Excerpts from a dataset
================================
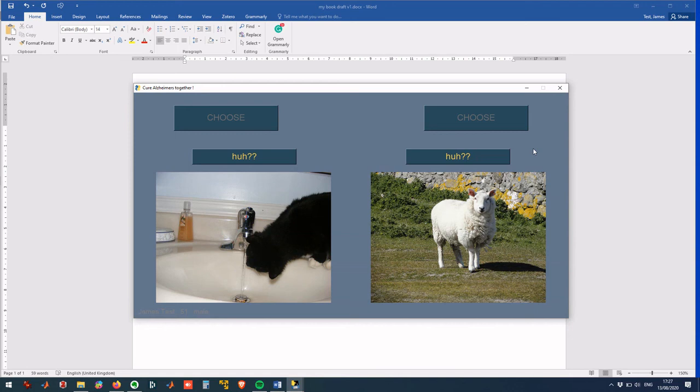In this case, both huh buttons should be pressed. Note that pressing huh buttons have no relation to choose buttons. Mr. James proceeds to his novel again.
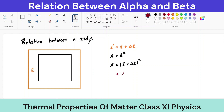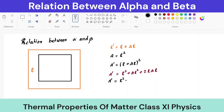This is our new area a-dash. Now delta-l is very small, so delta-l-squared is even smaller and can be neglected. On neglecting this term, we get a-dash equals l-squared plus 2l·delta-l.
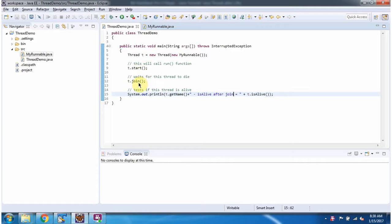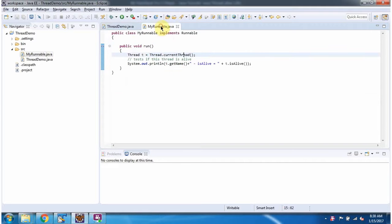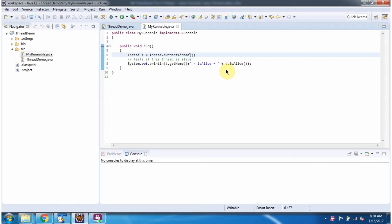Then I am calling the join method. After that, I am displaying whether the thread is alive or not. Inside MyRunnable also, I am displaying whether the thread is alive or not.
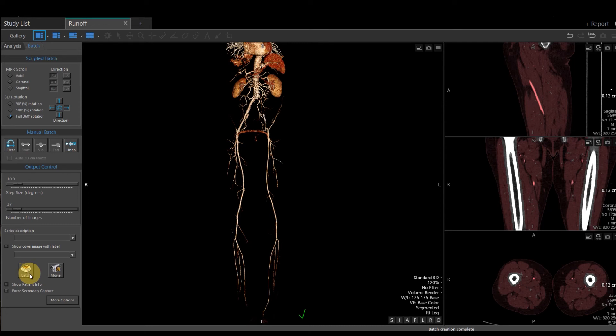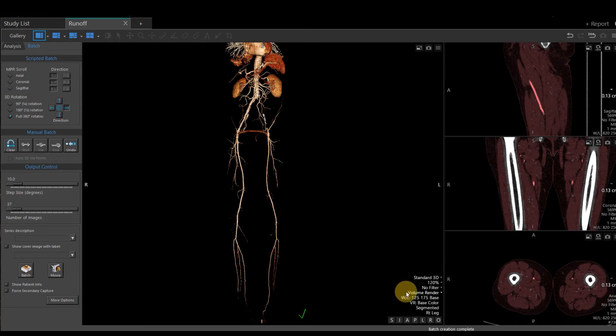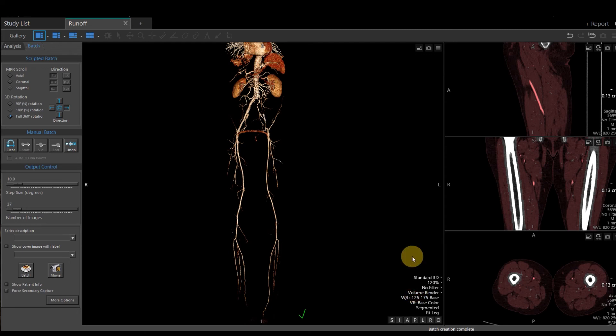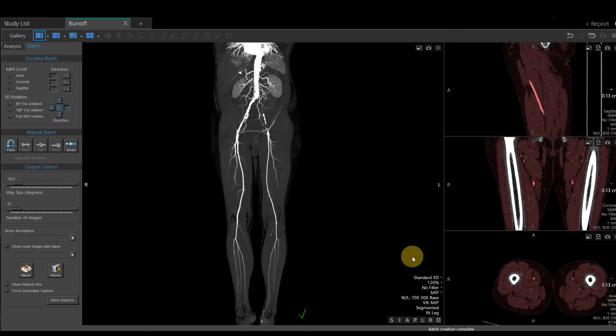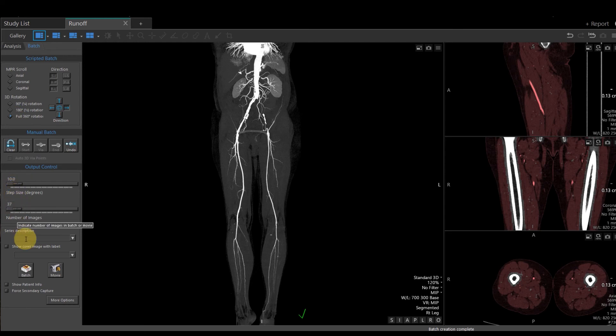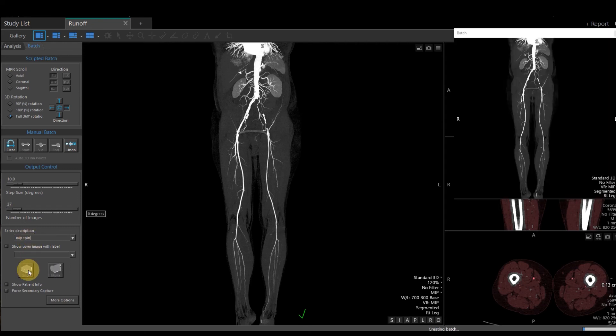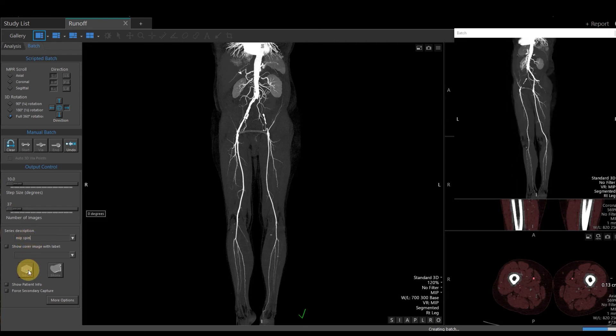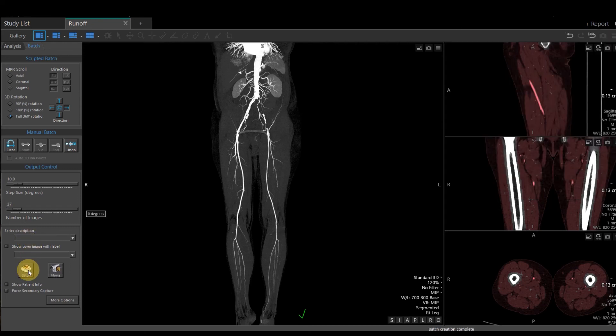If I would like to create a MIP image, a quick way is on the right-hand side, down at the bottom right where it says Volume Render, left-click Volume Render, and then I can change that to a MIP image. I have a full 360 degree rotation, 10 degrees turn. This time, I'm going to name it MIP Spin. Select batch, and that's going to rotate my 3D image again.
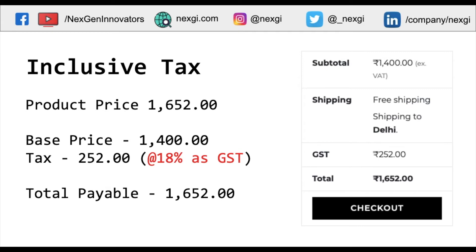Whatever price the user sees, they just need to pay that amount. However, it also depends on your display settings. On the right side there is a screenshot showing how it looks on the live website — there is a subtotal, a shipping line (I applied free shipping), and then the GST is shown separately.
================================
# Assignment:
Set each line of the records down exactly, leaving every picture out.

# Result of the task:
In this case, both huh buttons should be pressed. Note that pressing huh buttons have no relation to choose buttons. Mr. James proceeds to his novel again.
This is our new area a-dash. Now delta-l is very small, so delta-l-squared is even smaller and can be neglected. On neglecting this term, we get a-dash equals l-squared plus 2l·delta-l.
Then I am calling the join method. After that, I am displaying whether the thread is alive or not. Inside MyRunnable also, I am displaying whether the thread is alive or not.
If I would like to create a MIP image, a quick way is on the right-hand side, down at the bottom right where it says Volume Render, left-click Volume Render, and then I can change that to a MIP image. I have a full 360 degree rotation, 10 degrees turn. This time, I'm going to name it MIP Spin. Select batch, and that's going to rotate my 3D image again.
Whatever price the user sees, they just need to pay that amount. However, it also depends on your display settings. On the right side there is a screenshot showing how it looks on the live website — there is a subtotal, a shipping line (I applied free shipping), and then the GST is shown separately.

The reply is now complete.